Fu lì che Torben Ulrich, già appassionato di musica, si innamorò davvero delle altre grandi passioni della sua vita: il tennis e la filosofia. Come i suoi genitori, campioni nazionali danesi, Torben divenne un eccellente tennista. Ma non il migliore. Se non è mai riuscito a superare gli ottavi di finale in uno Slam è senza dubbio perché non era abbastanza concentrato sul suo sport. Negli anni ’50 andava in giro tanto con la racchetta quanto con il clarinetto. Appena finiva una partita correva in un club a suonare jazz.

Durante il Roland Garros, trascorreva le notti vicino a Saint-Germain-des-Prés, dove prendeva parte a “pezzi” jazz nelle cantine del Vieux-Colombier, anche alla vigilia delle partite. Nessuno dei suoi incontri veniva mai programmato prima delle 14:00. Di notte scriveva di musica “per capirla”. Ha anche scritto un articolo su un giornale danese. Ha studiato jazz, sassofono e flauto negli Stati Uniti. Una passione che ha trasmesso al figlio Lars, futuro cofondatore e batterista del gruppo Metallica.

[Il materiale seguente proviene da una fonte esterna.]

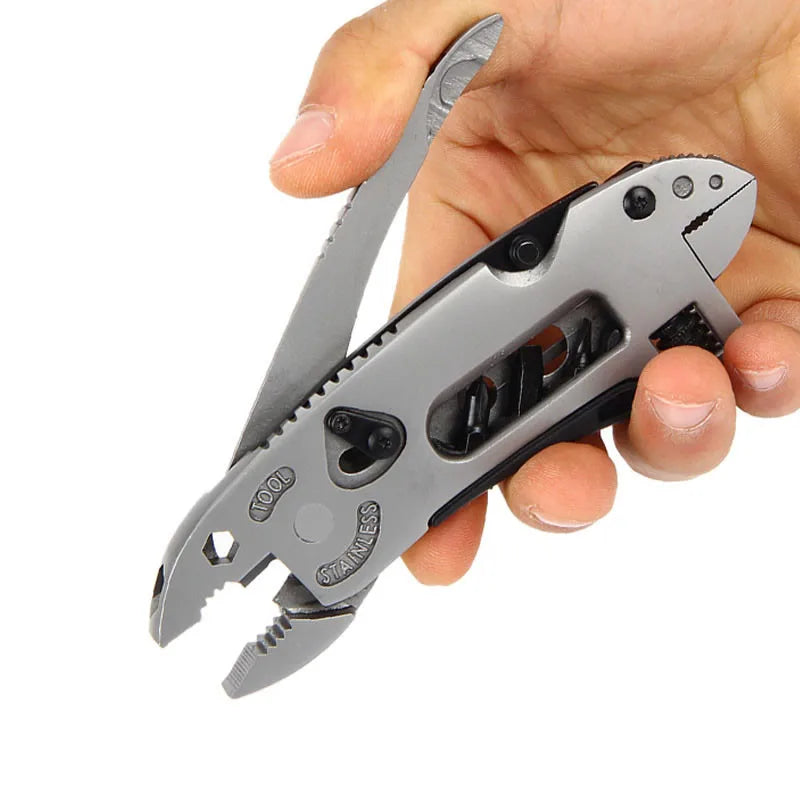 Ferramenta Multifuncional 9 em 1 Titanium – O Kit de Bolso Que Vai Com Você em Qualquer Aventura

Torben Ulrich, barba folta e capelli lunghi, era un personaggio unico sul circuito. Forse il giocatore più popolare degli anni ’50 e ’60, quando potevano passare mesi senza che vincesse una sola partita. Non era il suo tennis ma la sua personalità ad attrarre. Studente mediocre perché fuori dal sistema, Torben Ulrich divenne uno straordinario tuttofare: tennista, musicista e scrittore, ma anche ballerino, regista, pittore e filosofo. Sotto la barba folta e i capelli lunghi, sembrava un profeta. Si interessò molto alla religione e alla spiritualità, al punto da frequentare negli anni ’70 dei ritiri al Karma Triyana Dharmachakra, un monastero buddista tibetano a Woodstock, dove si alzava alle quattro del mattino, meditava e pregava tutto il giorno.

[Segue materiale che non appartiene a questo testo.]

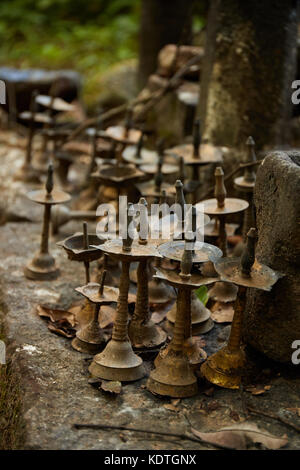 Lampes à huile en bronze vintage traditionnel dans forest temple Banque D'Images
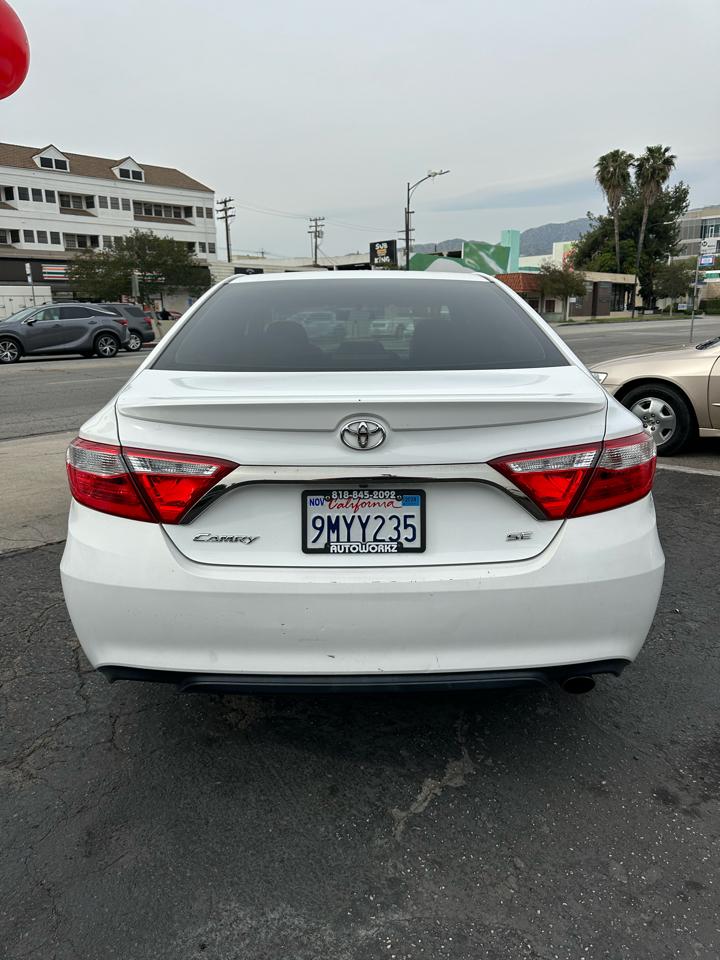 Toyota Camry 4dr Sdn I4 Auto SE w/Special Edition Pkg (Natl) 2016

Paradossalmente, Torben Ulrich ha sicuramente giocato il miglior tennis della sua vita superati i quarant’anni. 96esimo al mondo nel 1973, all’età di 45 anni, divenne il miglior senior di un circuito parallelo, l’Almaden Grand Masters, che riuniva le antiche glorie del gioco. “Forse puoi essere atletico per tutta la vita senza indebolirti”, si chiedeva Ulrich. “Lo vediamo nella musica. Rubinstein ha 87 anni e può ancora muovere le dita. Forse ha bisogno di scaldarsi di più, ma può ancora suonare Chopin o Mozart”.

Un giornalista gli ha chiesto quanto ancora avesse intenzione di giocare e la risposta ‘Ulrichiana‘ fu: “Oh, non lo so, forse altri duecento anni”.